In the May 22nd Health Affairs online blog, “Living My Life My Own Way,” Amy Berman writes about what she knows firsthand and what she has learned from many years of professional experience.  And she writes and speaks about it so well, which is one of her many gifts.  She was diagnosed with inflammatory breast cancer in October 2010, and instead of a “typical throw-everything-at-it approach,” as she describes it, she chose a “less is more” approach, with quality of life as the focus. In sharing her story, she has made a huge impact on the dialogue of palliative care and the importance of making treatment decisions that respect an individual’s values and preferences. 

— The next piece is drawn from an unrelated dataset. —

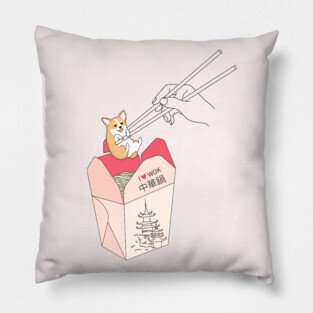 Corgi Noodles Pillow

Also released this week was a study, which complements Amy Berman’s blog and affirms that hospital-based intensive care at the end of life is something most of us would want to avoid.  The study suggests that physicians have a strong personal preference to avoid high-intensity care for themselves at the end of life and raises questions about why doctors provide care to patients that is not consistent with what they want for themselves or what patients want. We often hear from physicians that they don’t want to deny hope for their patients or feel like they are “abandoning” them as their quality and length of life becomes jeopardized by a diagnosis like cancer. 

We need compassionate, communicative physicians who can deliver care without feeling like they are abandoning their patients. Indeed, these physicians can offer patients compassion and the truth about their diagnosis and prognosis, without robbing them of hope.